All of the entries must be duplicated exactly.

(Items from a data source)
*** Begin section ***
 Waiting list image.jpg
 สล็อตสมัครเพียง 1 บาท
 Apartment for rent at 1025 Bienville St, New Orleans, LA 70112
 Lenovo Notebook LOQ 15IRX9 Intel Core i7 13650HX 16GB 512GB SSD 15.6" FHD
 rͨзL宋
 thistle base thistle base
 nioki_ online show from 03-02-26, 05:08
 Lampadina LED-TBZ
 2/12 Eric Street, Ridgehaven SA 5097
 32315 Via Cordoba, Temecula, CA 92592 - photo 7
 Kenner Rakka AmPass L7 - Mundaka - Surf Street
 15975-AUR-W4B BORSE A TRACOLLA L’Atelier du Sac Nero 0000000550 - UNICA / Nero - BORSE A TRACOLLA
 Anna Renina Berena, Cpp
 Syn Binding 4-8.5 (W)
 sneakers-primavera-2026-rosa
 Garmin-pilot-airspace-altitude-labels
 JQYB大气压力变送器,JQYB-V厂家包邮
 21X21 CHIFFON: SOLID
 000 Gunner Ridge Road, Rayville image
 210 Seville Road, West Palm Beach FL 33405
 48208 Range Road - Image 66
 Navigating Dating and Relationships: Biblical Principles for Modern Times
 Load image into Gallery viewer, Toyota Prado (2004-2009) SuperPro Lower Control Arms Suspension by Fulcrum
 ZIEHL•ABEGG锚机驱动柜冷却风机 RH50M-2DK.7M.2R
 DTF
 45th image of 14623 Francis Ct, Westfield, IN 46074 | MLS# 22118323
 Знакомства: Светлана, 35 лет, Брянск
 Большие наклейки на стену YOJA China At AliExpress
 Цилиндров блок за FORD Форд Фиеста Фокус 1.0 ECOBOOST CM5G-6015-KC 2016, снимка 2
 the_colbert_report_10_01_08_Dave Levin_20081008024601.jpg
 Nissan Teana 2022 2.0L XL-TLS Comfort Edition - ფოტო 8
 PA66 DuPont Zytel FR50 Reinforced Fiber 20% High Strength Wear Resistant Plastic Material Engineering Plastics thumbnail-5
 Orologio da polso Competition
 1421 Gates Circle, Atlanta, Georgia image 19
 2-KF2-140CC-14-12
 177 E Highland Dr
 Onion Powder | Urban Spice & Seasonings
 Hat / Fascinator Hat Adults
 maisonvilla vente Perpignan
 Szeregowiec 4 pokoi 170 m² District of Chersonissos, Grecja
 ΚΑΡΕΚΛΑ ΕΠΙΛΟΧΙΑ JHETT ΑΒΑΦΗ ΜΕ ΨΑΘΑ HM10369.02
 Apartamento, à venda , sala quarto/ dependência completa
*** End section ***
• **Exercise solution**
 Waiting list image.jpg
 สล็อตสมัครเพียง 1 บาท
 Apartment for rent at 1025 Bienville St, New Orleans, LA 70112
 Lenovo Notebook LOQ 15IRX9 Intel Core i7 13650HX 16GB 512GB SSD 15.6" FHD
 rͨзL宋
 thistle base thistle base
 nioki_ online show from 03-02-26, 05:08
 Lampadina LED-TBZ
 2/12 Eric Street, Ridgehaven SA 5097
 32315 Via Cordoba, Temecula, CA 92592 - photo 7
 Kenner Rakka AmPass L7 - Mundaka - Surf Street
 15975-AUR-W4B BORSE A TRACOLLA L’Atelier du Sac Nero 0000000550 - UNICA / Nero - BORSE A TRACOLLA
 Anna Renina Berena, Cpp
 Syn Binding 4-8.5 (W)
 sneakers-primavera-2026-rosa
 Garmin-pilot-airspace-altitude-labels
 JQYB大气压力变送器,JQYB-V厂家包邮
 21X21 CHIFFON: SOLID
 000 Gunner Ridge Road, Rayville image
 210 Seville Road, West Palm Beach FL 33405
 48208 Range Road - Image 66
 Navigating Dating and Relationships: Biblical Principles for Modern Times
 Load image into Gallery viewer, Toyota Prado (2004-2009) SuperPro Lower Control Arms Suspension by Fulcrum
 ZIEHL•ABEGG锚机驱动柜冷却风机 RH50M-2DK.7M.2R
 DTF
 45th image of 14623 Francis Ct, Westfield, IN 46074 | MLS# 22118323
 Знакомства: Светлана, 35 лет, Брянск
 Большие наклейки на стену YOJA China At AliExpress
 Цилиндров блок за FORD Форд Фиеста Фокус 1.0 ECOBOOST CM5G-6015-KC 2016, снимка 2
 the_colbert_report_10_01_08_Dave Levin_20081008024601.jpg
 Nissan Teana 2022 2.0L XL-TLS Comfort Edition - ფოტო 8
 PA66 DuPont Zytel FR50 Reinforced Fiber 20% High Strength Wear Resistant Plastic Material Engineering Plastics thumbnail-5
 Orologio da polso Competition
 1421 Gates Circle, Atlanta, Georgia image 19
 2-KF2-140CC-14-12
 177 E Highland Dr
 Onion Powder | Urban Spice & Seasonings
 Hat / Fascinator Hat Adults
 maisonvilla vente Perpignan
 Szeregowiec 4 pokoi 170 m² District of Chersonissos, Grecja
 ΚΑΡΕΚΛΑ ΕΠΙΛΟΧΙΑ JHETT ΑΒΑΦΗ ΜΕ ΨΑΘΑ HM10369.02
 Apartamento, à venda , sala quarto/ dependência completa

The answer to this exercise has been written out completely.